With just six episodes under its belt, ABC's Black-ish has established itself as one of the most discussed new shows of the fall season. Donald Trump thinks it's racist. The New York Times thinks it's about what it means to be prosperous. Many others have heralded Black-ish as a contemporary Cosby Show — the standard-bearer for every modern sitcom family, black or white.
There's some truth to that last bit. Black-ish invites its intended audience — the multiracial America that doesn't "see" race — to recognize themselves in the lens of a black family. The Johnsons live in a gorgeous Georgian revival home, and the high-powered careers that mom and dad juggle — ad executive and anesthesiologist — recall the impressive careers of Cliff and Clair Huxtable.
But coming more than 20 years after The Cosby Show went off the air, Black-ish also invites a question: Shouldn't we be beyond this by now? In this so-called "Golden Age of Television," characters are measured by the depth of their flaws and struggles. Aren't audiences capable of accepting deeply and genuinely flawed black characters who move beyond both cultural stereotypes and tropes long established by older shows?

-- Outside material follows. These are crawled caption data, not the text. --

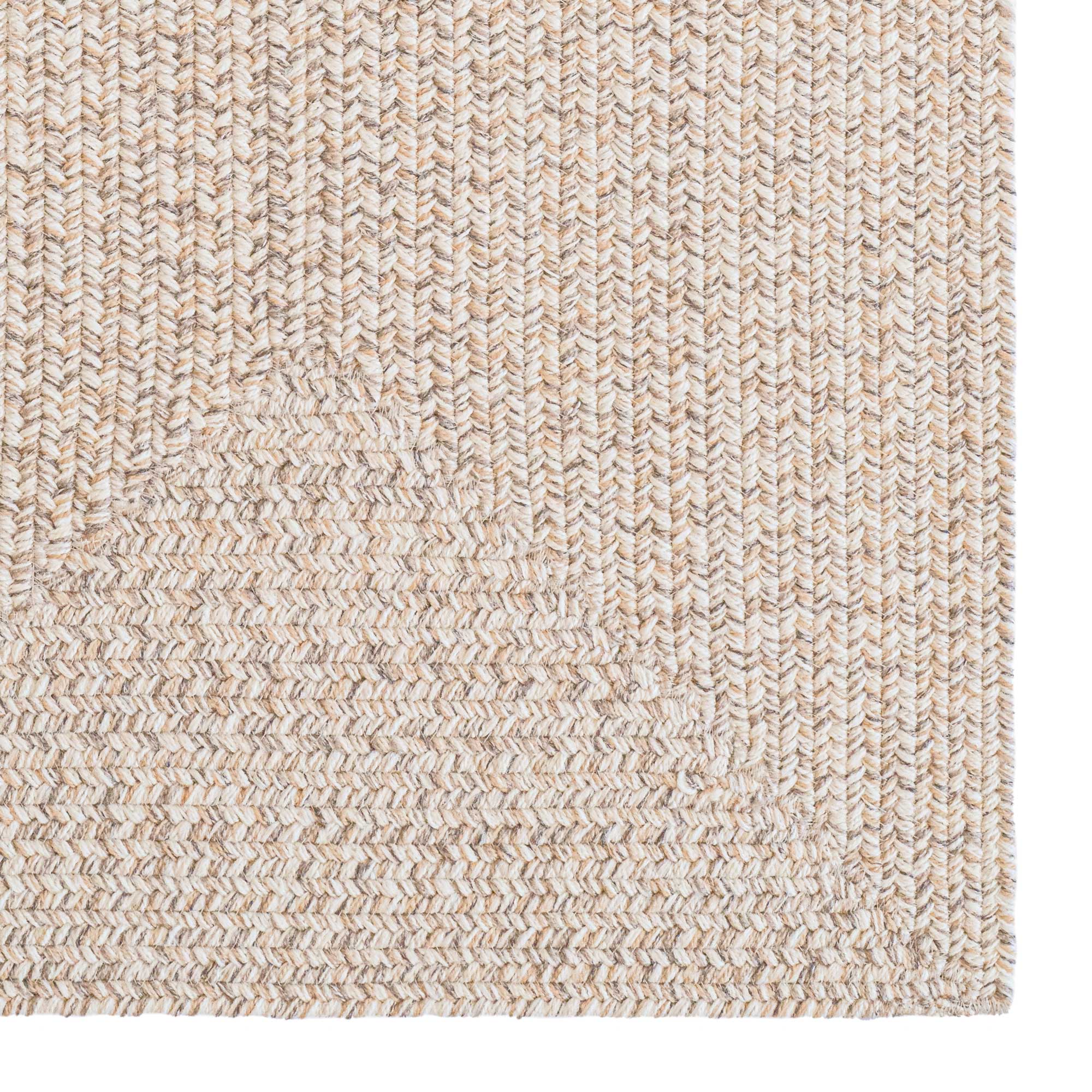 Stockton Light Brown Braided Rug Concentric Rectangle image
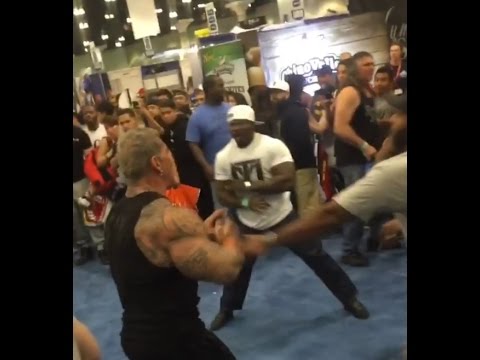 Rich Piana punched/fight LA Expo 2017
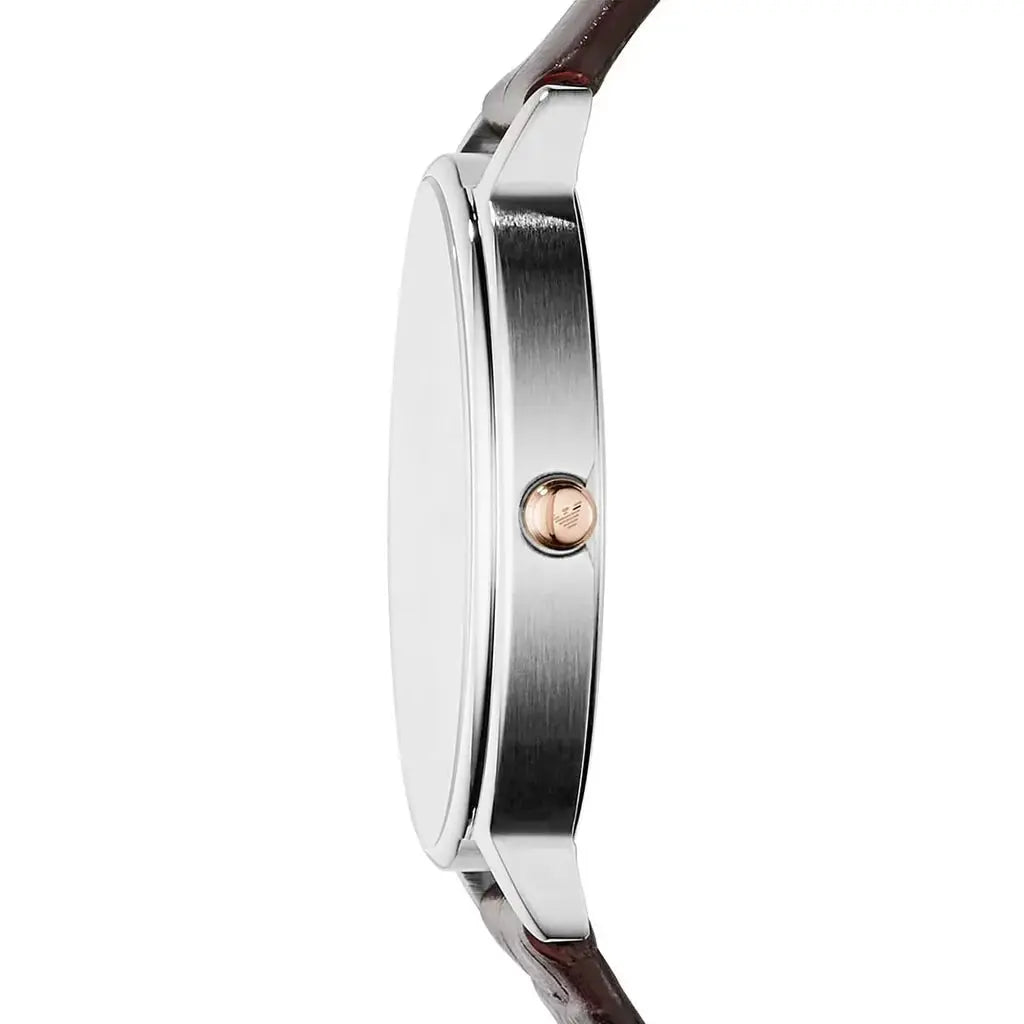 Emporio Armani Leather Strap Watch image 2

In decades past, African-American TV characters have been carefully crafted to walk a tightrope: convincing white audiences that they were relatable, while trying to avoid alienating black viewers who wanted to see themselves on screen. The family sitcom was the easiest way to accomplish both. A family is one of the few things to which every person can relate, and an ensemble cast made it easier and more plausible to explore different perspectives of the black experience. The networks returned to this well over and over again, in shows like The Jeffersons, Sanford & Son, The Cosby Show, The Fresh Prince of Bel-Air, and Family Matters.
You might notice that those shows focus, disproportionately, on middle- to upper-class black families. From The Honeymooners to Married… With Children, wealth has never been a prerequisite for the humanity of white characters. If anything, a lack of wealth is generally used to make white characters more sympathetic, in both comedies (All in the Family) and dramas (Breaking Bad). This has never worked reciprocally for black families on television. The upper-class trappings of the Cosbys were, at best, an equalizer, making it acceptable for white people to identify with — or even want to be like — a black family.
The few sitcoms that depicted black characters without the safeguard of wealth delved into predictable tropes: poverty, lack of education, and unstable personal lives. Good Times was repeatedly accused of falling back on tired stereotypes — even by its own creative team. In a 1975 story about the creative tensions on The Good Times set, Ebony reported "a continuing battle among the cast members to keep the comedic flavor of the program from becoming so outlandish as to be embarrassing to blacks," with some calling for "a closer rein on a tendency to slide toward old-time black minstrelsy." Two stars of the show, Esther Rolle and John Amos, eventually left after irreconcilable differences with the show's creator about the buffoonery and minstrel aspects of Good Times.
Unsurprisingly, The Cosby Show, premiering a decade later, was a breath of fresh air — even as it created a new precedent with its own set of problems.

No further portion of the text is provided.